Les limites de l’axe franco-allemand
La France pourrait chercher d’autres alliances en Europe
Armand Laferrère
Depuis la création de la Communauté européenne, France et Allemagne aiment à présenter leur coopération comme le véritable moteur des institutions européennes. La création de l’Union européenne, puis son élargissement à 27 membres et le renforcement des pouvoirs propres des institutions européennes n’ont pas mis fin à cette idée d’un rôle privilégié de l’alliance entre les deux plus grandes nations de l’Union. A l’occasion de la signature du traité d’Aix la Chapelle le 22 janvier 2019, cinquante-six ans après le traité de l’Elysée de 1963, les deux pays ont affirmé leur volonté d’approfondir leur coopération : lutte contre le terrorisme, institution d’une « zone économique dotée de règles communes », coopération spatiale, création d’un chapelet d’institutions de rapprochement culturel.
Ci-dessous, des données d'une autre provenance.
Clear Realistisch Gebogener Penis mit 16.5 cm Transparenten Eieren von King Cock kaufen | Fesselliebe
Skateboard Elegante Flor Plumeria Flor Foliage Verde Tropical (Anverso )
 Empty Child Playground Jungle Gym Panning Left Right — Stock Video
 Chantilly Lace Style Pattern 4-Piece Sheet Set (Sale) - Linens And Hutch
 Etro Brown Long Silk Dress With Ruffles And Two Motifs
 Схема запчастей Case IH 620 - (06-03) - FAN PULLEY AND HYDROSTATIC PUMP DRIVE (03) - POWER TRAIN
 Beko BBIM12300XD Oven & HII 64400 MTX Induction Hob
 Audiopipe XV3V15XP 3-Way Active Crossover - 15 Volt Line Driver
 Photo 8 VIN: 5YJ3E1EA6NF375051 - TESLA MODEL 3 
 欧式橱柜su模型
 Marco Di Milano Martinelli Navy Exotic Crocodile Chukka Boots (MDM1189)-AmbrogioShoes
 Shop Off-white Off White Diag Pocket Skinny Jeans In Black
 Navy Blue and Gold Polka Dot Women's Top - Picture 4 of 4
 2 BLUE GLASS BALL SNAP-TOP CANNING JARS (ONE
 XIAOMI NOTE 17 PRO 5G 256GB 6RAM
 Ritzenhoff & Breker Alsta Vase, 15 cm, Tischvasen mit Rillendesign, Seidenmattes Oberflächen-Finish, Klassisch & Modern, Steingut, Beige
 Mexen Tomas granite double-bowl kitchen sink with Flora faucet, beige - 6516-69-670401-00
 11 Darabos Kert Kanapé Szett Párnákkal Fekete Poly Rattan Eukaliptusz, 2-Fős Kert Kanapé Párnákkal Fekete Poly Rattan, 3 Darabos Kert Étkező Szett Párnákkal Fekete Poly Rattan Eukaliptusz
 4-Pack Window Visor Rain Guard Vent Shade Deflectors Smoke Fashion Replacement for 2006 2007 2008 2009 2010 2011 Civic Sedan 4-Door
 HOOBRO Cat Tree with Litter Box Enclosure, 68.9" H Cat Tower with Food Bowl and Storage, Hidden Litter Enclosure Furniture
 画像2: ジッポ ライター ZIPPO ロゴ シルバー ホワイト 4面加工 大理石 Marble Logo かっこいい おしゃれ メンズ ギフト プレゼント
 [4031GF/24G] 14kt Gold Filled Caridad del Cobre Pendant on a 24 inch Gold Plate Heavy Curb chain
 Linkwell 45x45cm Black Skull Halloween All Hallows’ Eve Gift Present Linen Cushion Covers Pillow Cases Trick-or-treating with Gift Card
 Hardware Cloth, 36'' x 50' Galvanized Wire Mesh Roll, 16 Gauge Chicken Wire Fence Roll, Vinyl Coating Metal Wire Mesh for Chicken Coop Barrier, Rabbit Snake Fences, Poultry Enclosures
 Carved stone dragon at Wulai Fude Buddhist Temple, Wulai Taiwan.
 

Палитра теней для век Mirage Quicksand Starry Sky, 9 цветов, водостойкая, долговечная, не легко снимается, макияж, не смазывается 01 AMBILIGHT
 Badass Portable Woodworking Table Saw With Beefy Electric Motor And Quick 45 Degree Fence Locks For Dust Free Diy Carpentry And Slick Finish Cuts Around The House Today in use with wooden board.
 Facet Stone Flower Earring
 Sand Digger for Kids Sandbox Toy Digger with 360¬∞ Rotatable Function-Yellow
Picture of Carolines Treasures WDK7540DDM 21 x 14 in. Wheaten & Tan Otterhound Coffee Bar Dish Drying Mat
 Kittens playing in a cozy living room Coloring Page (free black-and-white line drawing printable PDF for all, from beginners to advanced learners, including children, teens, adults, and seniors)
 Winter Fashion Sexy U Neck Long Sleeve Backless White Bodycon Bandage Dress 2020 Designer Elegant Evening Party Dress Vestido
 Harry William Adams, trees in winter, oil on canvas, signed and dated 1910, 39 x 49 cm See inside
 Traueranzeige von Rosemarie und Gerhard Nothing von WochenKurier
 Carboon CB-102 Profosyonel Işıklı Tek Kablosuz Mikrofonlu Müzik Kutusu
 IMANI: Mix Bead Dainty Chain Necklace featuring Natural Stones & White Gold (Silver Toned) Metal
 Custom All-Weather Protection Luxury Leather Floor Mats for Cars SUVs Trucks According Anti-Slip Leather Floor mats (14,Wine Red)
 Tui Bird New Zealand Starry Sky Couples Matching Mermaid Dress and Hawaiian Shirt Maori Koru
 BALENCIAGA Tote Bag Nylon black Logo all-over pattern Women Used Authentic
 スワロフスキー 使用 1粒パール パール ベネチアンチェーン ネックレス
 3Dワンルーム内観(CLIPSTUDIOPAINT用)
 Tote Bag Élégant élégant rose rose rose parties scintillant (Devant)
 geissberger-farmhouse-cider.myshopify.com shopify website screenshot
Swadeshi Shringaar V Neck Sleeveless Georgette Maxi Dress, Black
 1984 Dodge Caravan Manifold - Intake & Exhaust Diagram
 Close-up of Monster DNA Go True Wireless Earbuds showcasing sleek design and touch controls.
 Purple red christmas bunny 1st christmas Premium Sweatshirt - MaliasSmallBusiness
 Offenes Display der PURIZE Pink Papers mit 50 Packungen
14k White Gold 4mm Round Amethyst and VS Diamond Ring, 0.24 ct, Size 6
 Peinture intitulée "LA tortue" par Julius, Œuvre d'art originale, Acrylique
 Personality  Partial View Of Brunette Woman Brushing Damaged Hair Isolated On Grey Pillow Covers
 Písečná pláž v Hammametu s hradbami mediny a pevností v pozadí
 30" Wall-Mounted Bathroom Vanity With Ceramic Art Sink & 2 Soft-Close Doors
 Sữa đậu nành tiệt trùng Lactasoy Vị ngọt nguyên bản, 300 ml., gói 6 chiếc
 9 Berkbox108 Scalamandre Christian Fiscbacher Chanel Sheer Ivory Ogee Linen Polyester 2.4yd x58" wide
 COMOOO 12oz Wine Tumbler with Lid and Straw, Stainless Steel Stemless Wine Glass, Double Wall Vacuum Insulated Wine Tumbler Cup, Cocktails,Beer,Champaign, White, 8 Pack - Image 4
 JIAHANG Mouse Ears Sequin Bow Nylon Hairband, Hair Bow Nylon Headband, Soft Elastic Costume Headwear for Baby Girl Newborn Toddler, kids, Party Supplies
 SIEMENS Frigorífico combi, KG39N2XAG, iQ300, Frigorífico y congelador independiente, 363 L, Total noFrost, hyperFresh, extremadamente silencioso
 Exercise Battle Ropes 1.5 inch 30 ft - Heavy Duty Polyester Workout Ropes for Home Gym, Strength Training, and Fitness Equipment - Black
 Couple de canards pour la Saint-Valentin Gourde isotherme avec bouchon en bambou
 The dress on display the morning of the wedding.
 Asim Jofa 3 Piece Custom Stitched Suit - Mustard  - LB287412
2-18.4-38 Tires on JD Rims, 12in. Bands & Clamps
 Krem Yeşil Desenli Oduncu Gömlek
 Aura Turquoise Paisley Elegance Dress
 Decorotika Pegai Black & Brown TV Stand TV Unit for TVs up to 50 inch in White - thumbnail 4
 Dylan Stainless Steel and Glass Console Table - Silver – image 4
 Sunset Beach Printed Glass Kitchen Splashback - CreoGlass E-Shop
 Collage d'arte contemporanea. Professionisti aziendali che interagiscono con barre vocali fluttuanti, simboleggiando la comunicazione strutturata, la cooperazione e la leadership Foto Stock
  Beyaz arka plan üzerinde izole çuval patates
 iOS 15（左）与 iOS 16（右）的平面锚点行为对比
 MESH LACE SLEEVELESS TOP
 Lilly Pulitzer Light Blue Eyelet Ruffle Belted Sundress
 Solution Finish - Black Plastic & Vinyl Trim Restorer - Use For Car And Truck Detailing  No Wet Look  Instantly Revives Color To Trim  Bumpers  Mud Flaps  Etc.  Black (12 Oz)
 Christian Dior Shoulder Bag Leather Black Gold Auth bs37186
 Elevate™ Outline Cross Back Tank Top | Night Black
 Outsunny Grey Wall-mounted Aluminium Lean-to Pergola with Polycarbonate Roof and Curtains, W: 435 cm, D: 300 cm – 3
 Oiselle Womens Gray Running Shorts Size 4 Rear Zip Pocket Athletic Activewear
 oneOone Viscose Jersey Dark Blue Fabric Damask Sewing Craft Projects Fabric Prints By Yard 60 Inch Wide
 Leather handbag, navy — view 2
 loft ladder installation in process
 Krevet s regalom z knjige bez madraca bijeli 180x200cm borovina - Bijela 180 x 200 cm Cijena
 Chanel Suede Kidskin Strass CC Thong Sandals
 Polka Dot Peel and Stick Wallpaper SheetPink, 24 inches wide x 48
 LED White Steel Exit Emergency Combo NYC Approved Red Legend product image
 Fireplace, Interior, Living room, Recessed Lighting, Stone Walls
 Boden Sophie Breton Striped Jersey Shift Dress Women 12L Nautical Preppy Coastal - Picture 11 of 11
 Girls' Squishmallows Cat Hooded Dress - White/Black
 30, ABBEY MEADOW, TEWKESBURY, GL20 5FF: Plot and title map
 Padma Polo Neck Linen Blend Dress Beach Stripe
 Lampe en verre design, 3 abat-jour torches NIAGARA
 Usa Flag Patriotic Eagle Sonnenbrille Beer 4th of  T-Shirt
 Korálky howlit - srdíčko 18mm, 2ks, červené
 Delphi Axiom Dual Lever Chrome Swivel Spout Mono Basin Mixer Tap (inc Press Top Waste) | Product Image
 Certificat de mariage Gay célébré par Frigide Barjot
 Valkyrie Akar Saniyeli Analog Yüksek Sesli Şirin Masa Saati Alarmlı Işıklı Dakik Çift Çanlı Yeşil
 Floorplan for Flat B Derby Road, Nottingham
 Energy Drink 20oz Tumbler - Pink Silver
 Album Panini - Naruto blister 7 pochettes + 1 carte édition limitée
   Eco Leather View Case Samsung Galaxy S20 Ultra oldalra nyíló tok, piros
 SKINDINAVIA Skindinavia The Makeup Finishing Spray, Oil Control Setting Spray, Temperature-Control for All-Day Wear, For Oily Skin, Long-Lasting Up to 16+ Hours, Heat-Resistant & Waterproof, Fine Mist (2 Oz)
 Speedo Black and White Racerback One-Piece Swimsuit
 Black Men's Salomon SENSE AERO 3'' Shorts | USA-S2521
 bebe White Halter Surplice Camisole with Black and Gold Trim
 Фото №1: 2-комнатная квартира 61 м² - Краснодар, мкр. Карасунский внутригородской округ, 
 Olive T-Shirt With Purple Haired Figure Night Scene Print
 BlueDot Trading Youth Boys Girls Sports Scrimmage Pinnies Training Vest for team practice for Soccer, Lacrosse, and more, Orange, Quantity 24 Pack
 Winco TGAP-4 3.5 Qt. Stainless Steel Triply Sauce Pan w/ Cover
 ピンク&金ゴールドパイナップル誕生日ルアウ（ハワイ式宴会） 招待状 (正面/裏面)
Commentant ce traité, le président Macron l’a présenté comme un « traité de convergence ».
Près de trois ans plus tard, cette convergence n’a pas eu lieu. Les deux pays sont en conflit ouvert sur la politique énergétique de l’Union européenne. L’Allemagne s’oppose régulièrement aux ventes d’armes françaises. Les visions française et allemande de l’avenir de la défense européenne restent profondément incompatibles.
Au-delà des désaccords sur telle ou telle politique particulière, les deux pays ont désormais des intérêts structurellement divergents dans plusieurs domaines.
Avec son épargne abondante, ses salaires modérés, sa balance commerciale excédentaire et la réputation de qualité de son industrie, l’Allemagne a intérêt à un euro fort qui préserve la valeur de ses rentes sans menacer ses exportations. La France, bloquée dans un déficit commercial structurel, aurait au contraire un intérêt essentiel à voir baisser la valeur de la monnaie commune pour relancer ses exportations. Ses intérêts en la matière sont proches de ceux des pays latins et directement contraires à ceux de l’Allemagne.
En matière d’énergie, l’Allemagne estime avoir avec la Russie des relations d’égal à égal et ne considère pas le risque de chantage énergétique russe comme une véritable menace. Elle a donc choisi, sous couvert de sortie du nucléaire, une politique qui accepte implicitement de faire dépendre sa sécurité énergétique d’hydrocarbones importés (les énergies renouvelables, priorité explicite de la politique allemande, sont intermittents et non pilotables et ont besoin d’un renfort toujours disponible en hydrocarbures pour garantir la stabilité de l’approvisionnement). La France, comme la quasi-totalité des autres pays de l’Union, voit avec plus de méfiance le risque d’une dépendance russe et reste plus attachée à la construction de sources d’énergie de technologie européenne.
En matière d’immigration, la France, pays de première entrée et destination privilégiée des immigrants illégaux originaires de certains pays, partage avec les autres pays méditerranéens un intérêt pour un meilleur contrôle des routes de migration et la mise en place de moyens physiques pour limiter les entrées – tous sujets qui ne sont pas, par la grâce de la géographie, une priorité allemande.
En matière de défense, les deux pays ont intérêt au maintien de l’alliance atlantique ; mais la France, qui a de plus grandes capacités autonomes, une implication directe au Sahel et ailleurs et une industrie de l’armement à valoriser, a intérêt à renforcer l’autonomie de l’Europe au sein de l’alliance. L’Allemagne ne partage pas cet intérêt. Il n’est pas certain que d’autres pays de l’Union puissent entièrement partager la vision française en la matière, mais un dialogue avec les pays méditerranéens devrait au moins pouvoir être engagé.
Encore plus profondément, l’Allemagne des années 2020, contrairement à celle des années 1960 ou 1990, n’a plus besoin du couvert d’une alliance avec un autre grand pays pour mener une politique de puissance. L’histoire s’oublie petit à petit et l’affirmation de la puissance allemande peut désormais se faire directement, sans susciter le même rejet qu’il y a une génération ou deux.
Il est temps que la France en tire, elle aussi, les conséquences. Sur tous les sujets pour lesquels les intérêts des deux pays divergent, nos diplomates doivent ouvertement chercher d’autres alliances au sein de l’Europe – pays de l’Est, pays latins ou autres – pour faire progresser les intérêts français. Après un certain temps, certaines de ces alliances pourraient même s’institutionnaliser. Il n’y a pas de raison pour que, selon les sujets, un bloc latin, un axe méditerranéen ou une alliance des pays nucléaires ne deviennent pas des enceintes de discussion durables. Ils auraient au moins autant de légitimité que l’axe bilatéral historique et serviraient sans doute mieux les intérêts français.